Venezia, Palazzetto Bru Zane, Festival Édouard Lalo tra folklore e wagnerismo (26 settembre-10 novembre 2015)
Quatuor Hermès
Violini Omer Bouchez, Elise Liu
Viola Yung-Hsin Chang
Violoncello Anthony Kondo
Édouard Lalo:Quatuor à cordes; Namouna (”Sérénade” arrangée pour quatuor à cordes)

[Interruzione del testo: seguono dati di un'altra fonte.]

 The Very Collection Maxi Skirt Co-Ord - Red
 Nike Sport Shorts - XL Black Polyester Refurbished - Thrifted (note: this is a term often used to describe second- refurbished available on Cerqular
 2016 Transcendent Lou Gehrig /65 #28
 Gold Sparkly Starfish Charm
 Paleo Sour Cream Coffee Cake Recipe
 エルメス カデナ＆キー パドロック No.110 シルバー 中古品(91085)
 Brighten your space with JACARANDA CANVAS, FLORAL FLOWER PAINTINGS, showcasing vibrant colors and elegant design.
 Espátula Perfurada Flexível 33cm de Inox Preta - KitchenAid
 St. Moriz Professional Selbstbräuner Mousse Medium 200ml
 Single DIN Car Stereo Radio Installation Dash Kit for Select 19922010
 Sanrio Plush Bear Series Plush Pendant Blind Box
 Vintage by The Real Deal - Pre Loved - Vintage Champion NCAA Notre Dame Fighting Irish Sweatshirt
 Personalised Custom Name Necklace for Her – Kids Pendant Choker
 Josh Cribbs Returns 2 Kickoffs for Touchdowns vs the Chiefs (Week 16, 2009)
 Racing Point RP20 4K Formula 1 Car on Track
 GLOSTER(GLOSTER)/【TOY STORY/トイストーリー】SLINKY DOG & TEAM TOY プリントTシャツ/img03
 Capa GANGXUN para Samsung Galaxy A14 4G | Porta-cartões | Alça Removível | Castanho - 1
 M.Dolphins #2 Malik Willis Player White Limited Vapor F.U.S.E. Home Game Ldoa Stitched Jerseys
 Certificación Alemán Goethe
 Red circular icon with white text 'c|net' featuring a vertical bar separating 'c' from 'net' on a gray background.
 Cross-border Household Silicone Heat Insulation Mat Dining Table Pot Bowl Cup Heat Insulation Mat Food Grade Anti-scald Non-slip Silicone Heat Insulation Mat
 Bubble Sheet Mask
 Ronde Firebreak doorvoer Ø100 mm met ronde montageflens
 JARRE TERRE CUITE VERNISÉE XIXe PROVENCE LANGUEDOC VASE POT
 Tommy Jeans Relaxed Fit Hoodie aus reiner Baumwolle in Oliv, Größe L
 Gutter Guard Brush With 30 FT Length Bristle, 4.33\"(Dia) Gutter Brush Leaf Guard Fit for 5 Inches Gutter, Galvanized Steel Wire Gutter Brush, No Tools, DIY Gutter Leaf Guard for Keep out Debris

Gabriel Fauré: Quatuor à cordes
Venezia, giovedì 5 novembre
Ancora dei giovani interpreti – attualmente residenti presso la Chapelle Musicale Reine Elisabeth a Waterloo – erano protagonisti del concerto svoltosi presso il Palazzetto Bru Zane, quale penultimo appuntamento nell’ambito del festival – si può dire ormai riuscitissimo – incentrato su Édouard Lalo, che si concluderà martedì prossimo con una serata dedicata a “Trii romantici” dello stesso Lalo e di Cécile Chaminade. Davvero entusiasmante la prestazione di questi solisti, poco più che ragazzi, che si sono messi insieme, dopo essersi conosciuti nel 2008, a formare il Quartetto Hermès. Come abbiamo potuto constatare, l’ensemble ha già raggiunto un’intesa, si può dire, perfetta, una qualità del suono veramente pregevole, una maturità interpretativa sorprendente, considerata l’età di questi musicisti dal curriculum di tutto rispetto, per i quali Alfred Brendel ha previsto un brillante futuro: premio SACEM per la miglior interpretazione dell’opera di Henry Dutilleux Ainsi la nuit al Concorso Internazionale di Musica da Camera di Lione (2009); primo premio al prestigioso Concorso Internazionale di Ginevra (2011), che ha offerto loro l’opportunità di incidere due CD con opere di Haydn, Beethoven e Schumann; primo premio alle audizioni «Young Concert Artists» di New York (2012). E si potrebbe continuare … Impegnativo il programma da eseguire per l’occasione: il Quartetto per archi di Lalo e quello di Fauré. Entrambi i pezzi richiedono un’interpretazione prevalentemente vigorosa e appassionata, oltre a grande padronanza tecnica e perfetto coordinamento tra le parti. E il Quartetto Hermès ha dato prova di essere totalmente all’altezza del compito affidatogli: non è mai venuta meno la concentrazione, né la sensibilità nello scegliere di volta in volta il giusto accento, nel rendere la più sottile sfumatura o il più imperioso attacco, con impareggiabile gioco d’insieme. Merita, a questo proposito, sottolineare la prestazione del violoncellista Anthony Kondo, che si è assunto il ruolo – verosimilmente abituale – di concertatore, aiutandosi con significative occhiate lanciate, all’occorrenza, agli altri componenti dell’ensemble.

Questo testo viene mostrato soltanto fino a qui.